● **WORK TASK**
The output must start at the line containing "Ingin membuat game" in the records below and stop at the last line, matching each line exactly and leaving out every picture.

━━ THE DATA ━━

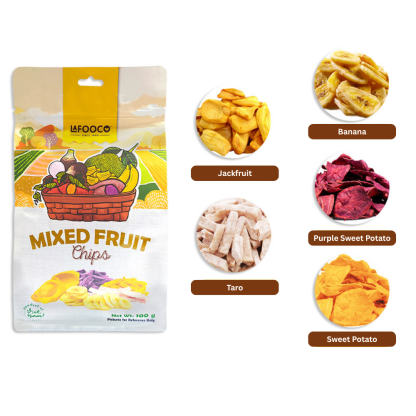 Lafooco Natural Fruit Chips, 100g - Product of Vietnam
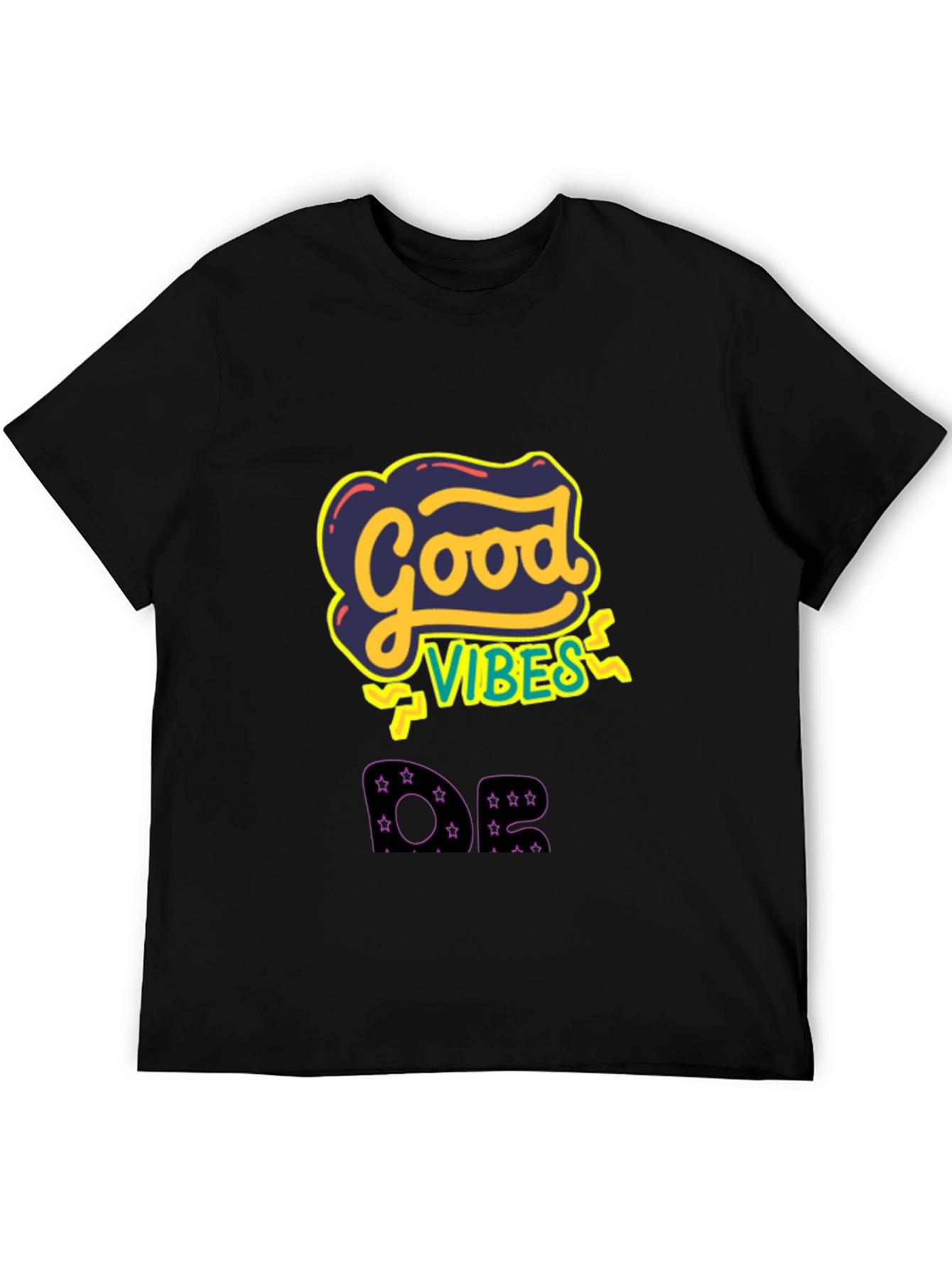 Good Vibes Graphic Tee - Mens Black T-Shirt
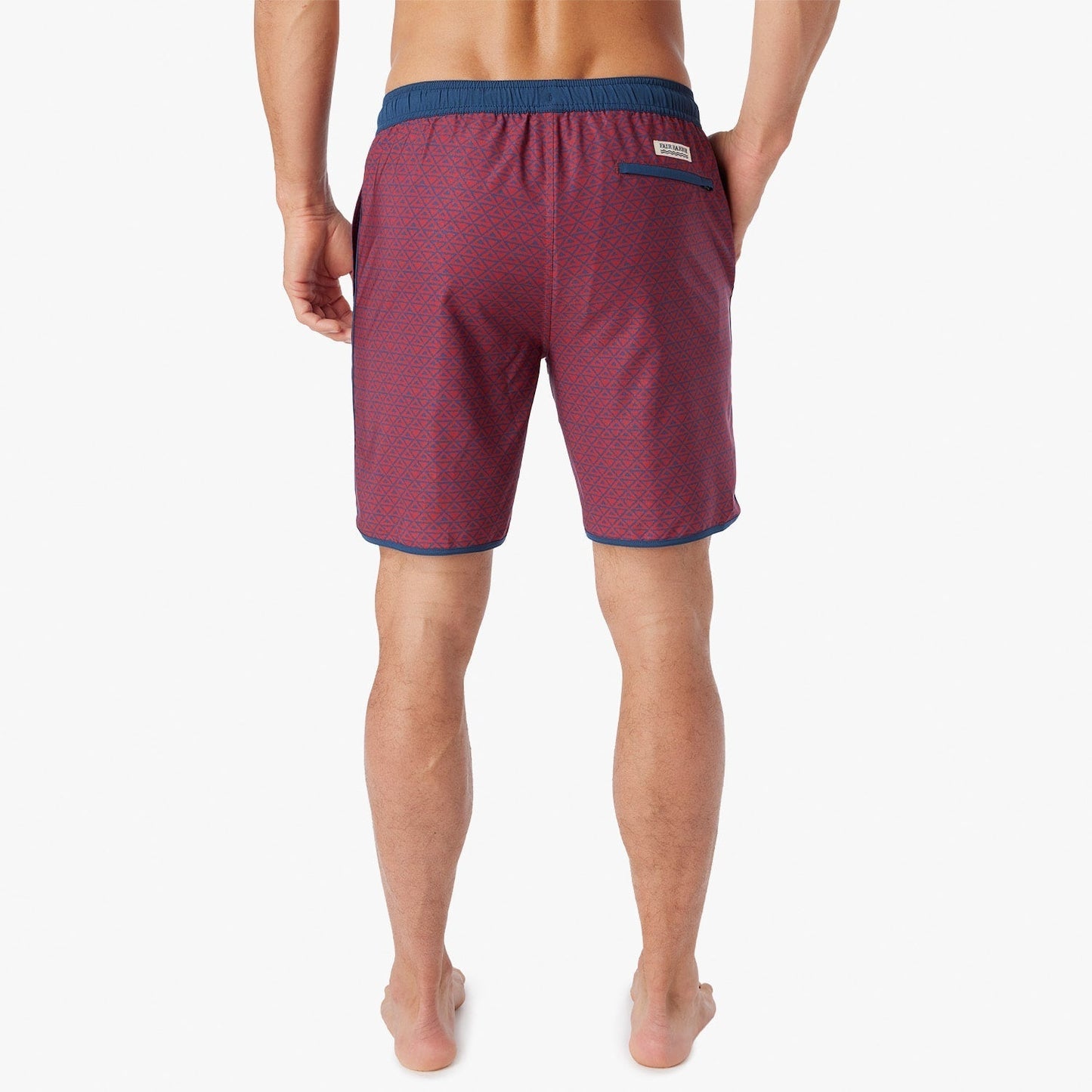  The Anchor | Nautical Red Wavy Geo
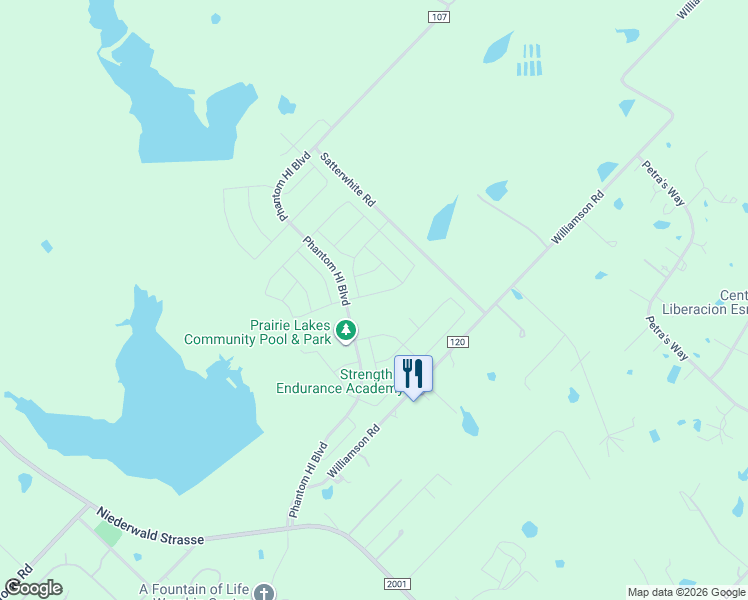 map of restaurants, bars, coffee shops, grocery stores, and more near 5195 Satterwhite Road in Kyle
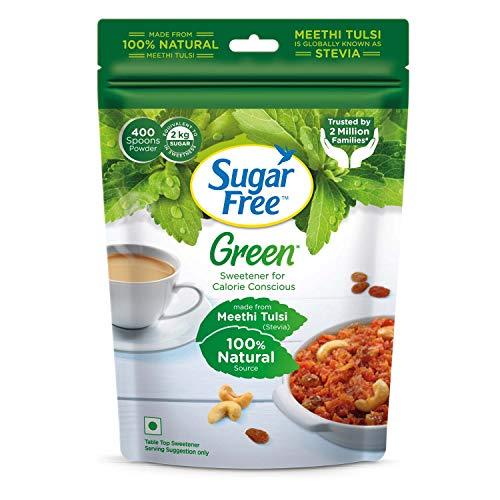 Sugar Free Sugar Free Green 100% Natural Sweetener - 400 g, Pouch & Sugar Free Natura - Sweet Drops 10ml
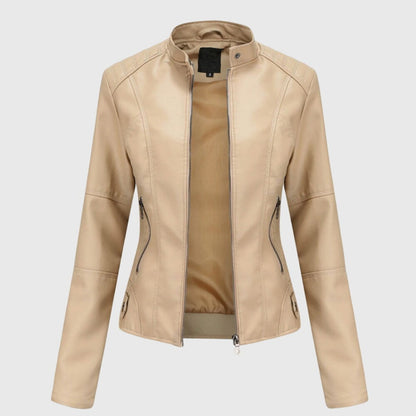 Miranda | Giacca Biker Slim con Collo alla Coreana for Women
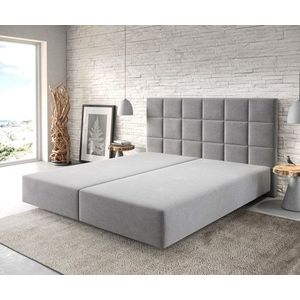 Boxspring postel Dream-Fine 180x200 cm mikrovlákno šedá obraz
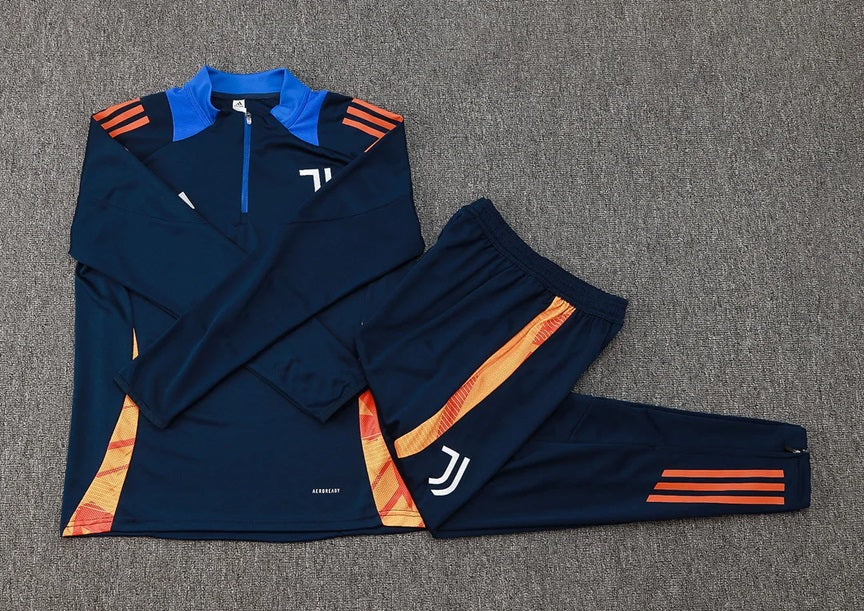 Juventus Half-Pull Trainingspak 'Blauw' - KINDEREN
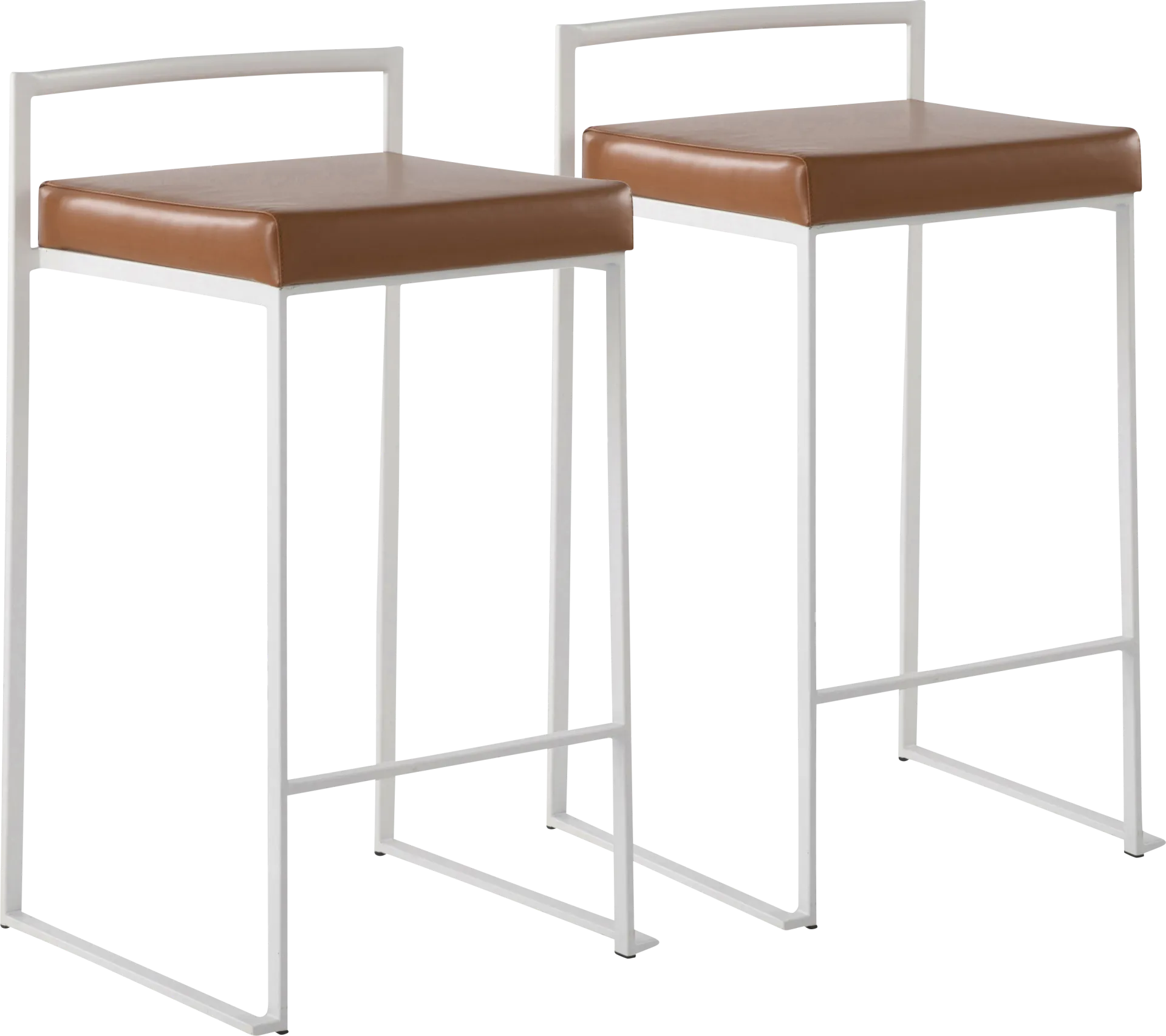 Birdlake V Camel Counter Height Stool, Set of 2 - Image 1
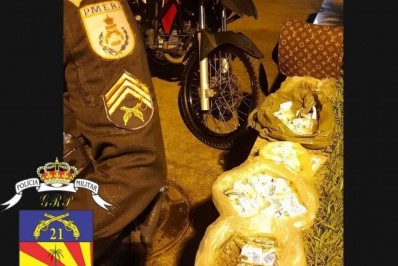 Homem é preso em Meriti com moto roubada e drogas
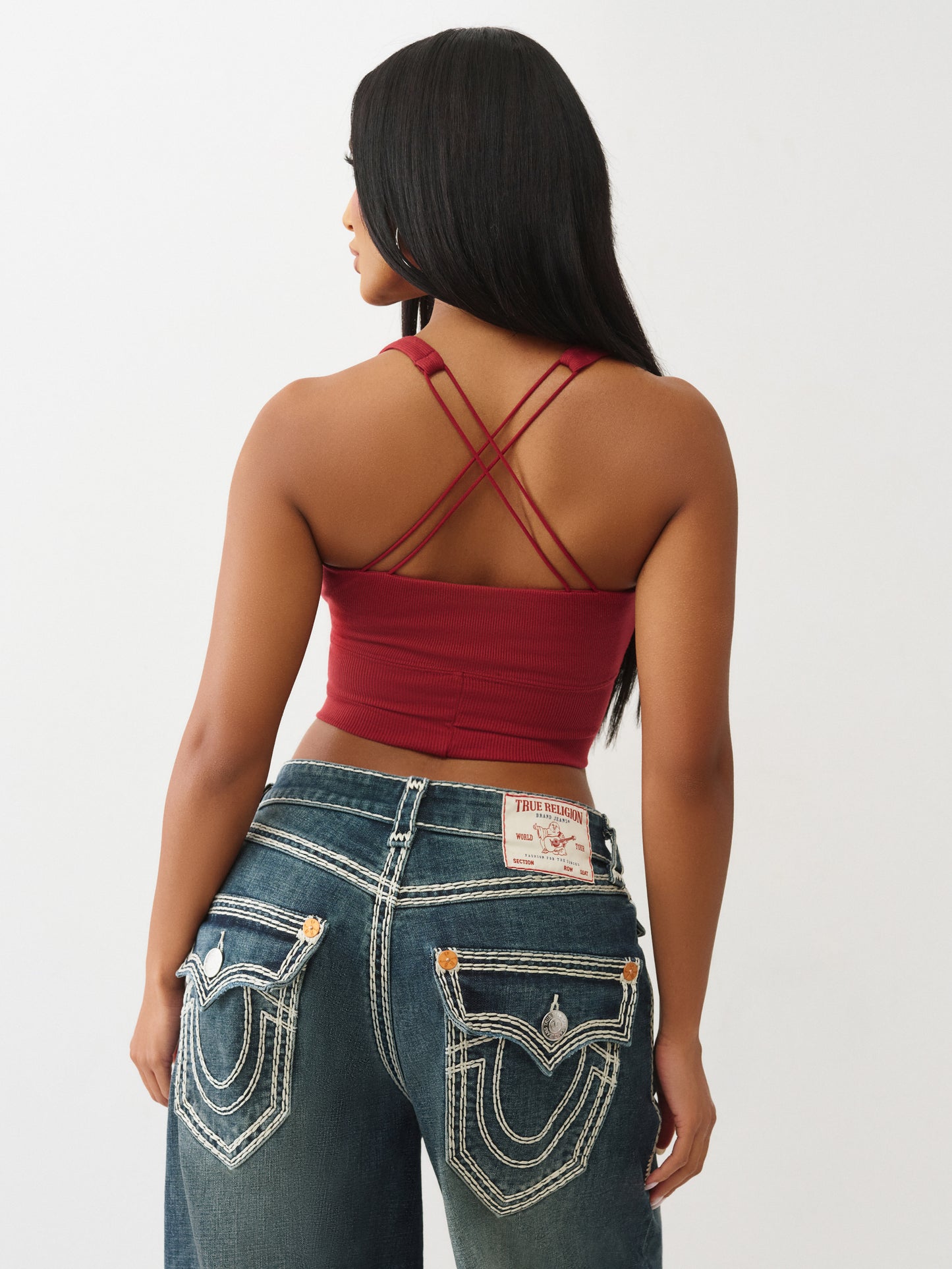 STRAPPY V NOTCH RIB TANK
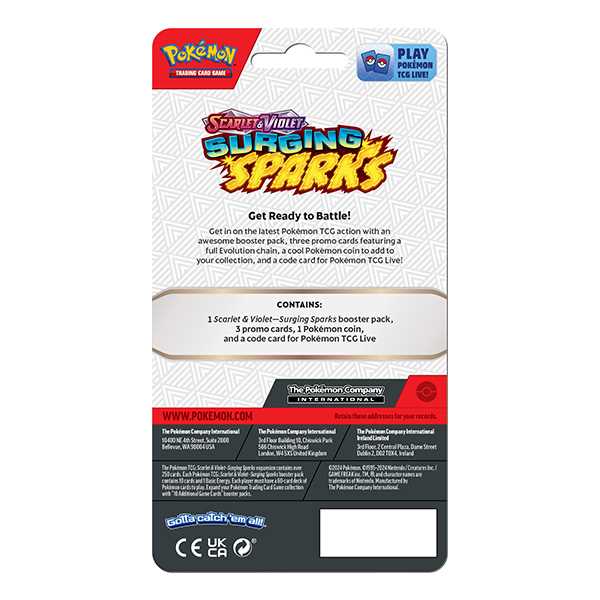 Pokémon TCG: Scarlet & Violet 8 - Surging Sparks - Premium Checklane 3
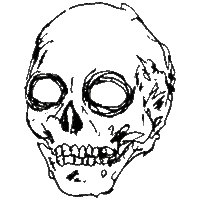 Skull Vinny Sticker by Zero Skateboards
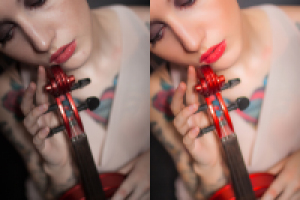 Цветокоррекция, ретушь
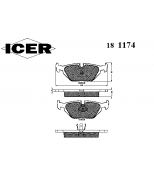 ICER - 181174 - Комплект тормозных колодок, диско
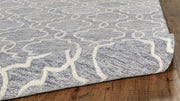 Natal Hand Tufted Gray and Ivory Rug by BD Fine Roll Image 1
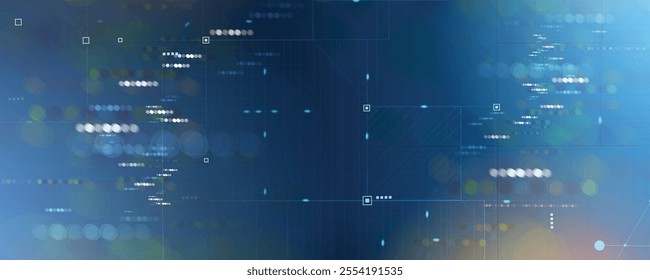 Technology abstract futuristic science background for internet business. Big data concept.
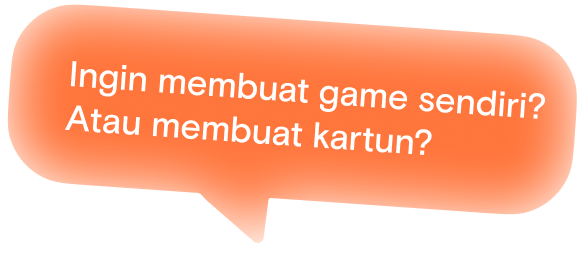 Ingin membuat game sendiri? Atau membuat kartun?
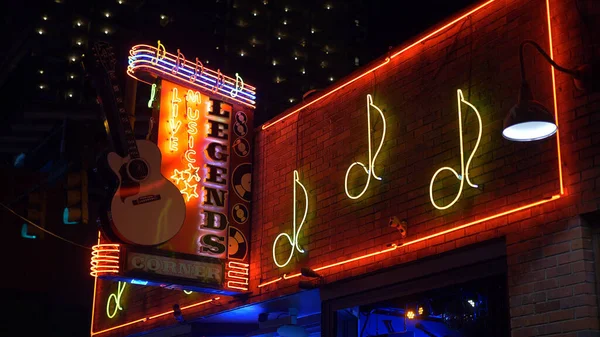 Legends Live Music Bar in Nashville - NASHVILLE, UNITED STATES - JUNE 17, 2019 — Stock Photo, Image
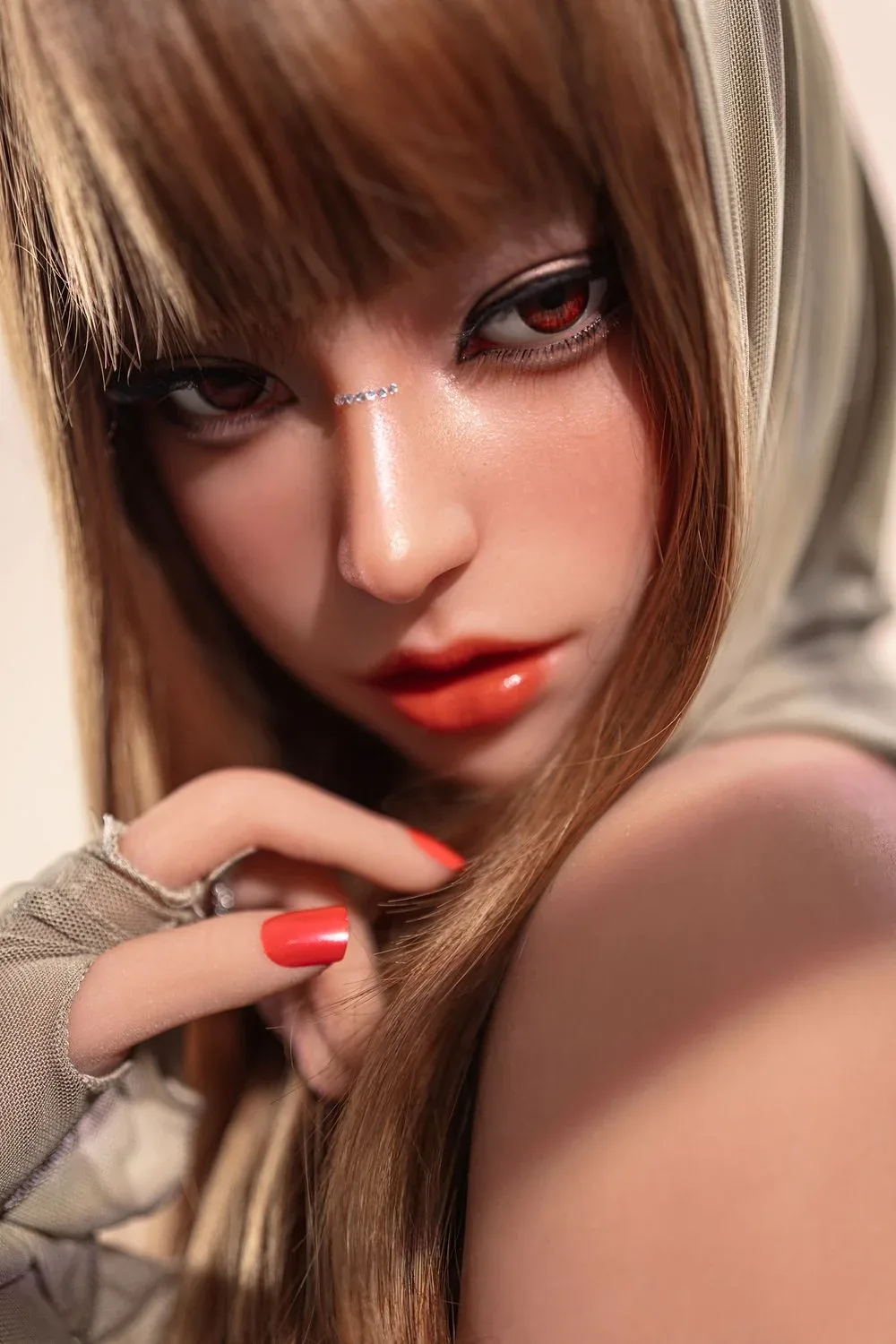 SY Doll | 160cm/5ft3 Silicone Head Small Breast Sex Doll with Movable view 2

━━━

● **RESULT BELOW**
 Ingin membuat game sendiri? Atau membuat kartun?
 Legends Live Music Bar in Nashville - NASHVILLE, UNITED STATES - JUNE 17, 2019 — Stock Photo, Image
 SY Doll | 160cm/5ft3 Silicone Head Small Breast Sex Doll with Movable view 2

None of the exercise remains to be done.